● **Data supplied**:
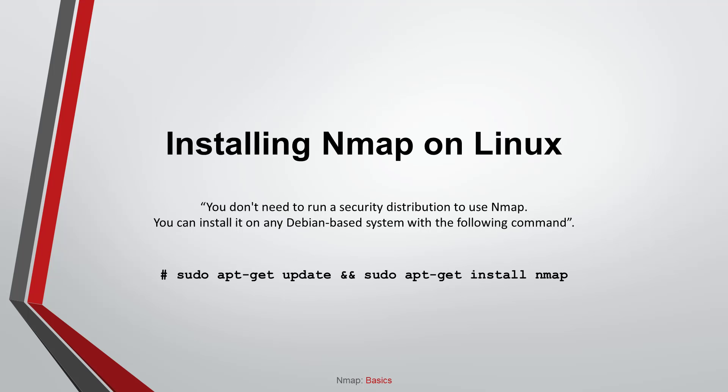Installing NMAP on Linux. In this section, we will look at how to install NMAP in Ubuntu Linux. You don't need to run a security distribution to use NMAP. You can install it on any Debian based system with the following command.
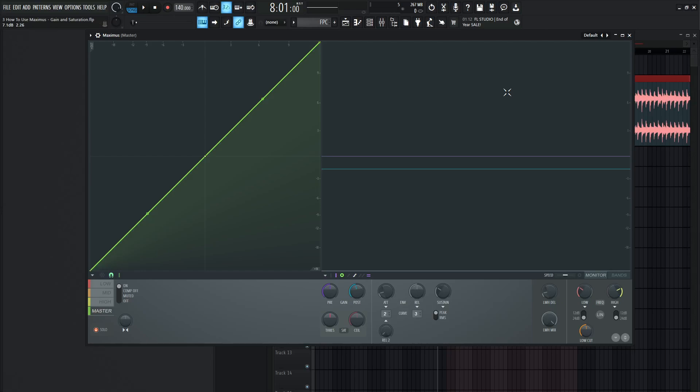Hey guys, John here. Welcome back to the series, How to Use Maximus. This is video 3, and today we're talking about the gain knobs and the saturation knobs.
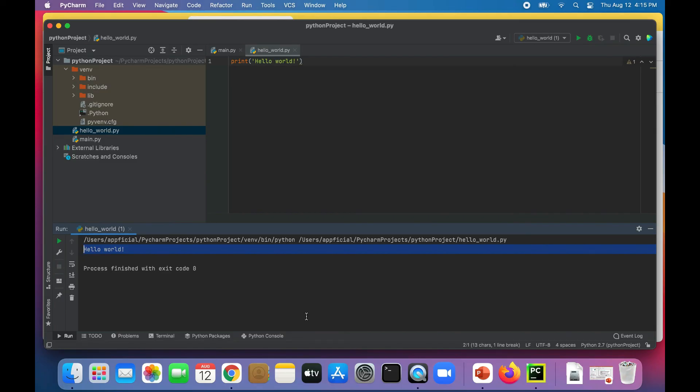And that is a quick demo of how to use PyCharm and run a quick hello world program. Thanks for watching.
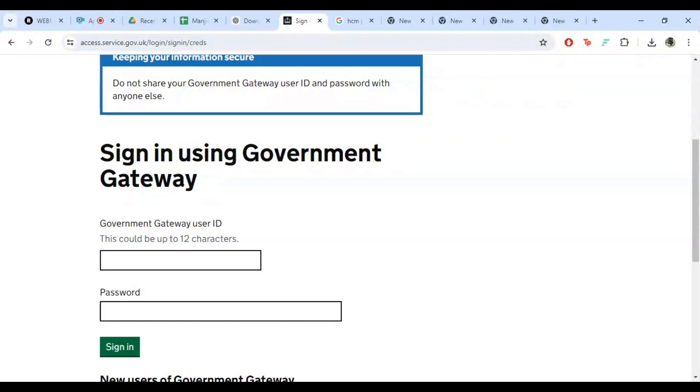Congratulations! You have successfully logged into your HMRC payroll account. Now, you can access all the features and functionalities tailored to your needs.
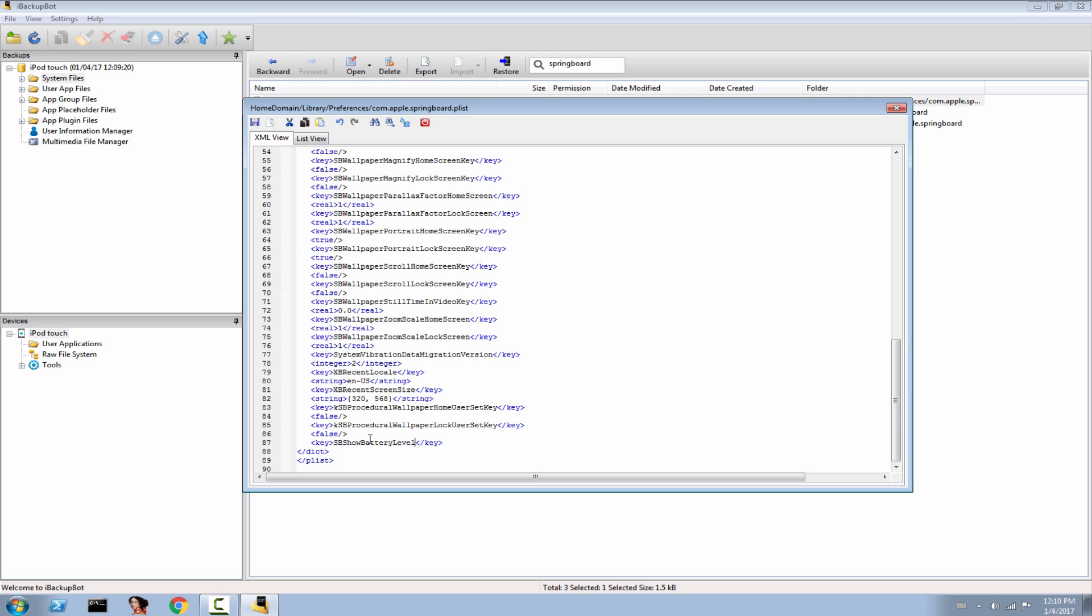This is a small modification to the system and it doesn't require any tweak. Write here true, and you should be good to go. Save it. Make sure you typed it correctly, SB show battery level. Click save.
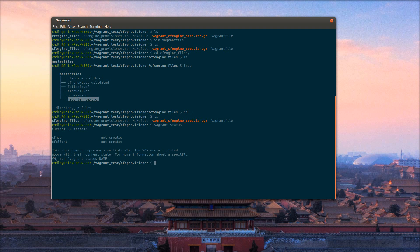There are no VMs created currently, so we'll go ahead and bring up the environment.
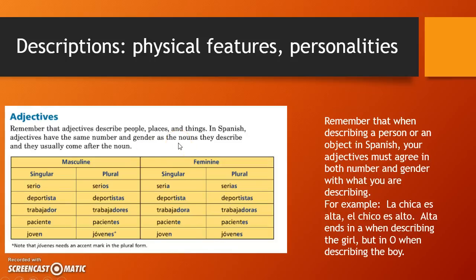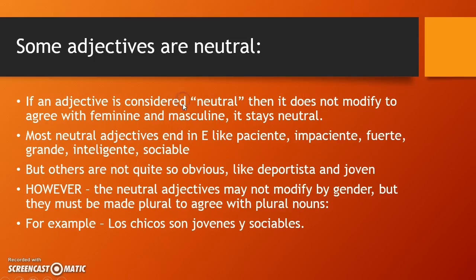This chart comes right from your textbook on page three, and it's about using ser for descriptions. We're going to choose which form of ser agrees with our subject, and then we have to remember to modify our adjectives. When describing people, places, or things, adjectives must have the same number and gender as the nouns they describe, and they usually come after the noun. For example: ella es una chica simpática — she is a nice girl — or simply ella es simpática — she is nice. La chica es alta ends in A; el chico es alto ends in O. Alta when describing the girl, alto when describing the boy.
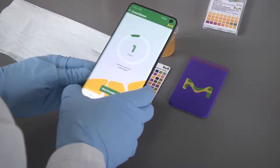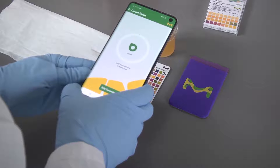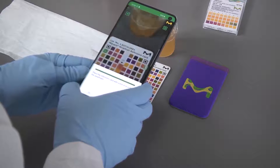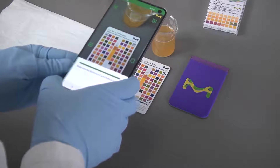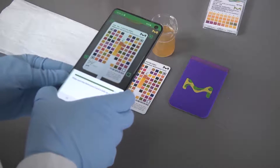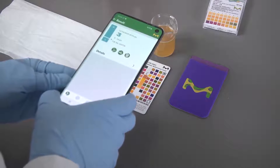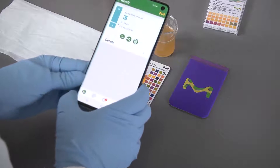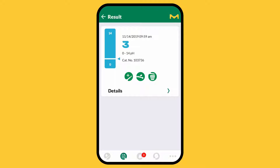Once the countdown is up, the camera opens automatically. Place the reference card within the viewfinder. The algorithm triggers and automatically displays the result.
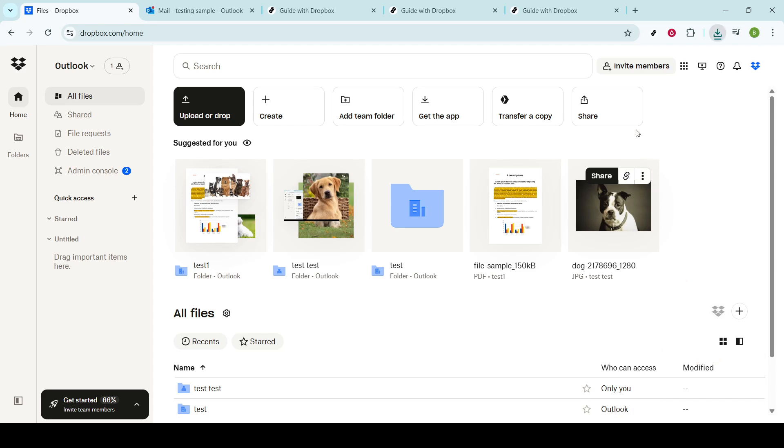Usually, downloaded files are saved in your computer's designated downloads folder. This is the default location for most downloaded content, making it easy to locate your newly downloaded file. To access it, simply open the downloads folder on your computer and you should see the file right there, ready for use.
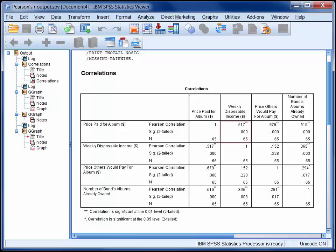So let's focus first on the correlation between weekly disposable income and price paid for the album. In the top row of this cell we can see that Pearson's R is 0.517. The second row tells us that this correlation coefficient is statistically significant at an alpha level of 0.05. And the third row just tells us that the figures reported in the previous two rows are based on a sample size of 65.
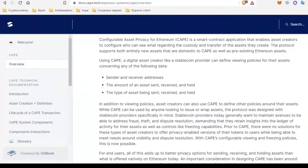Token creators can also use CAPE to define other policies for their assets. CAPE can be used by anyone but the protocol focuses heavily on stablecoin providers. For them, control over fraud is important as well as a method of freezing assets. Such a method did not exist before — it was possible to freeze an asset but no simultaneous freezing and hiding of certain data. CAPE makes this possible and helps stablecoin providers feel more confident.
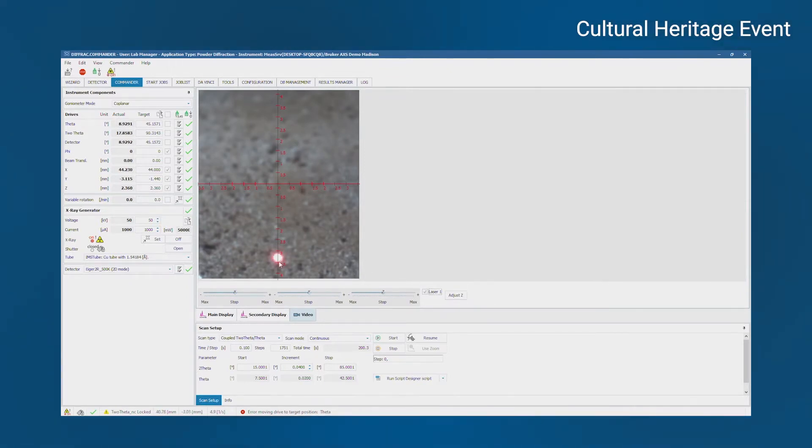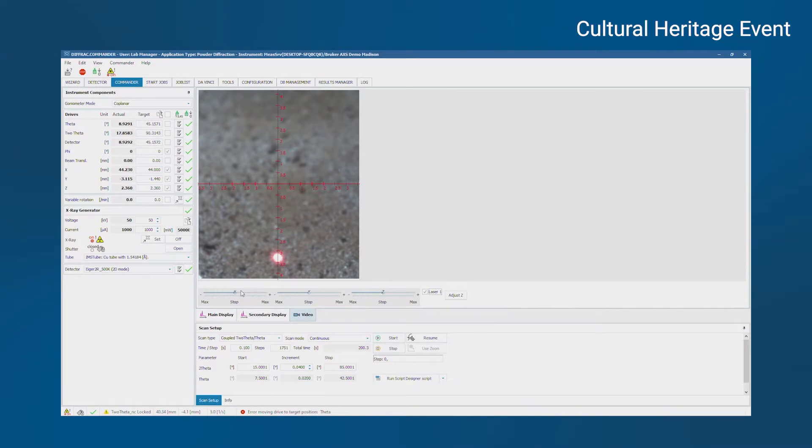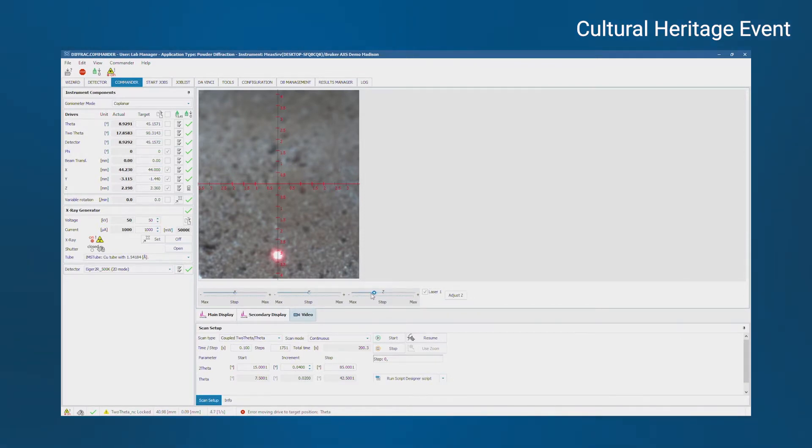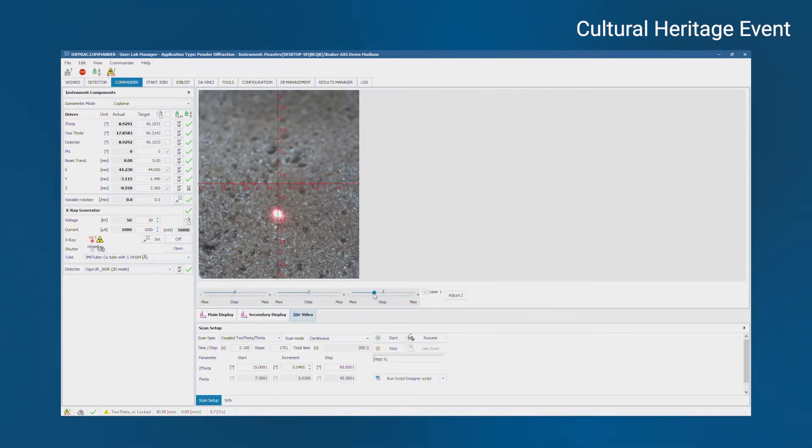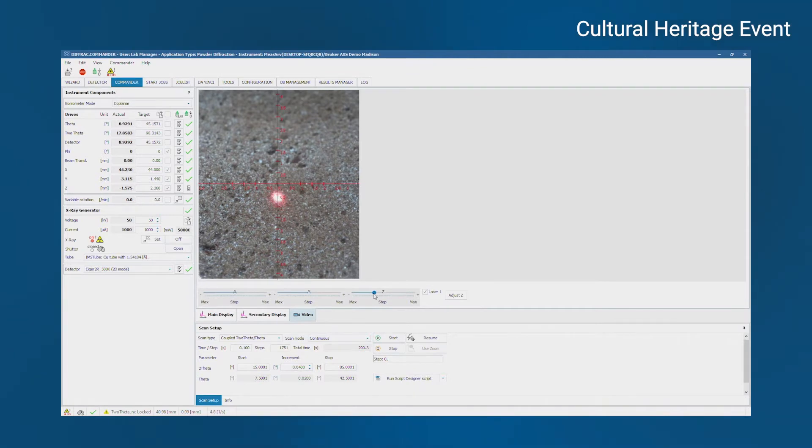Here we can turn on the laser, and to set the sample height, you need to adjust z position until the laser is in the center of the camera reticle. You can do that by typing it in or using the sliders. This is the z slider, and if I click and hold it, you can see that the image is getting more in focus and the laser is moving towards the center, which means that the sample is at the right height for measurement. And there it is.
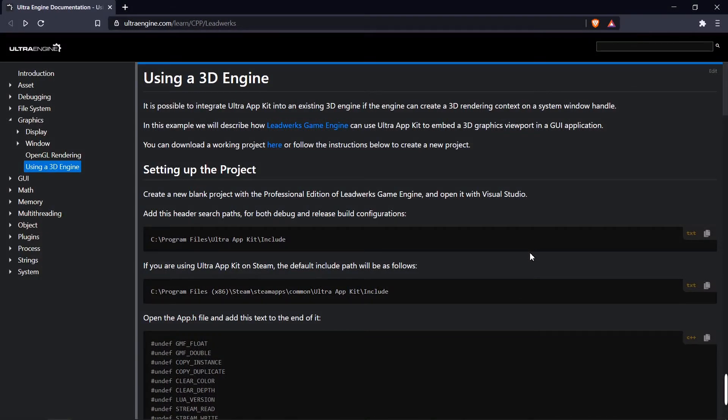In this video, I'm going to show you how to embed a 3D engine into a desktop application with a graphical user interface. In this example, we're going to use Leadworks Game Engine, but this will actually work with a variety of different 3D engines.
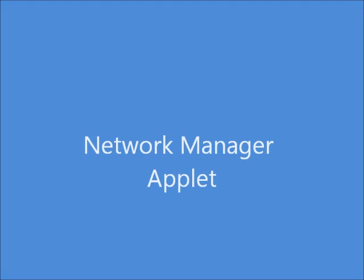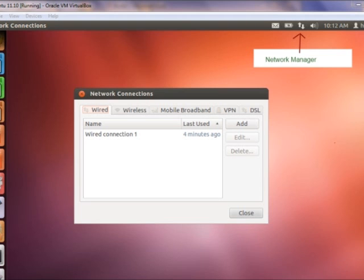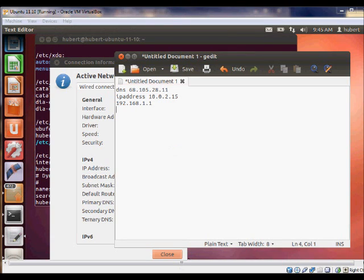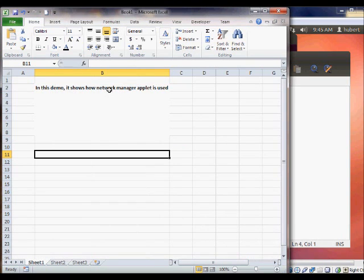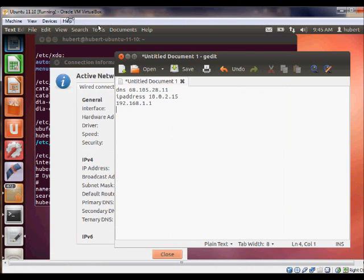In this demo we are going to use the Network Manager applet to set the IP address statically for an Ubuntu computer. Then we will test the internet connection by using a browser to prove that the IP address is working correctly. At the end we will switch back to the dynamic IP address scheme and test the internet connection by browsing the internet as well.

● **Task objective**: Give again, unchanged, only the lines from the line containing "Here we can" to the last line of the records above. Pictures do not belong in the copy.

● **Task response**:
Here we can turn on the laser, and to set the sample height, you need to adjust z position until the laser is in the center of the camera reticle. You can do that by typing it in or using the sliders. This is the z slider, and if I click and hold it, you can see that the image is getting more in focus and the laser is moving towards the center, which means that the sample is at the right height for measurement. And there it is.
In this video, I'm going to show you how to embed a 3D engine into a desktop application with a graphical user interface. In this example, we're going to use Leadworks Game Engine, but this will actually work with a variety of different 3D engines.
In this demo we are going to use the Network Manager applet to set the IP address statically for an Ubuntu computer. Then we will test the internet connection by using a browser to prove that the IP address is working correctly. At the end we will switch back to the dynamic IP address scheme and test the internet connection by browsing the internet as well.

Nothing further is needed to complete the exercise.